Of course, the reason that he dressed is likely quite simple: he was one of only 47 players on the team’s 53-man roster that were not ruled out for Sunday’s game by Friday. Davis had to sit out the early practice sessions during the week after suffering a back injury against the Eagles, but he managed to return to practice in some capacity by the end of the week.

That officially earned him a ‘Questionable’ designation for the game, but with the loss of the ‘Probable’ designation, it’s hard to decipher just what that means. Of course, the fact that they already had their seven inactive players made up by their list of players who were injured and unable to even practice made that a moot point.

In fact, really the only good glimpse that we got of the second-round pick throughout the entire broadcast was a shot of him riding the stationary bike on the sidelines, which I believe was at some point during the second half of the game.

If Robert Golden is able to make it back for the next game, and Davis is unable to go through a full week of practice, given the way that Jordan Dangerfield performed in his first regular-season action of his career, one wonders if they might not choose to sit him—or at least not play him, depending on how stuffed the inactive list is with injured players.

It has generally been the case throughout Mike Tomlin’s tenure that rookies who do not go through a full week of practice do not play, and that would especially be true of rookies who are expected to be significant contributors.

After last week’s game, Davis suggested to reporters that he likely would have been better off sitting out the rest of the game, believing that he may have made his back issue worse by continuing to play. That would suggest that some period of rest is in order, and clearly the Steelers did not feel it warranted the risk to play him on Sunday night.

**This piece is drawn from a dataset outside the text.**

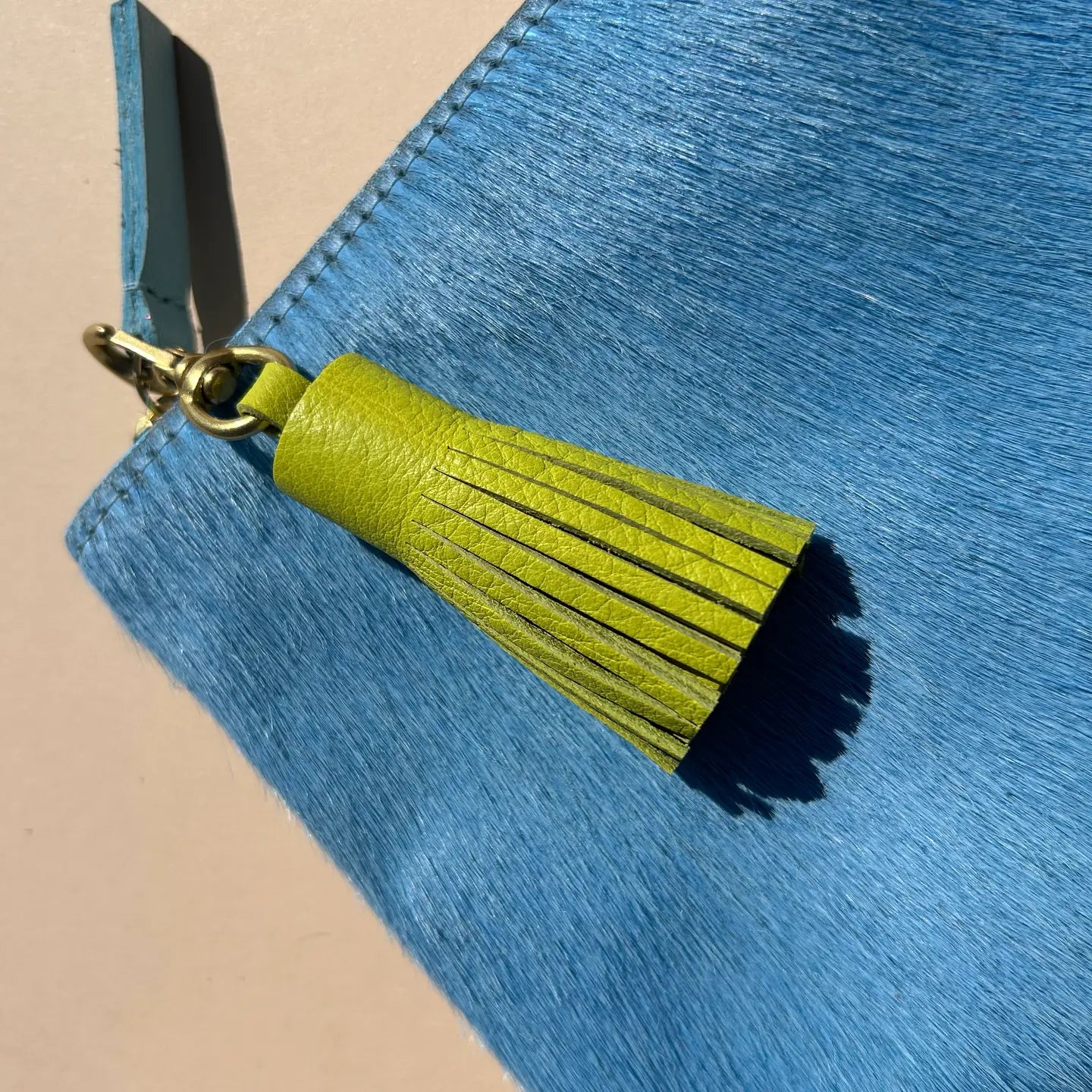Chartreuse Leather Tassel Keychain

In the meantime, other young defensive backs like Artie Burns and Dangerfield are gaining valuable in-game experience, although Davis’ role will remain a crucial one when considering the fact that he is one of only two cornerback-capable players that they are fully comfortable lining up on the slot, at least on a consistent basis.

Until Davis returns, the Steelers will have to continue to mix and match who lines up where and when in the secondary, with William Gay bouncing between playing on the inside in their base nickel defense and moving to the boundary when they utilize a 3-4 front.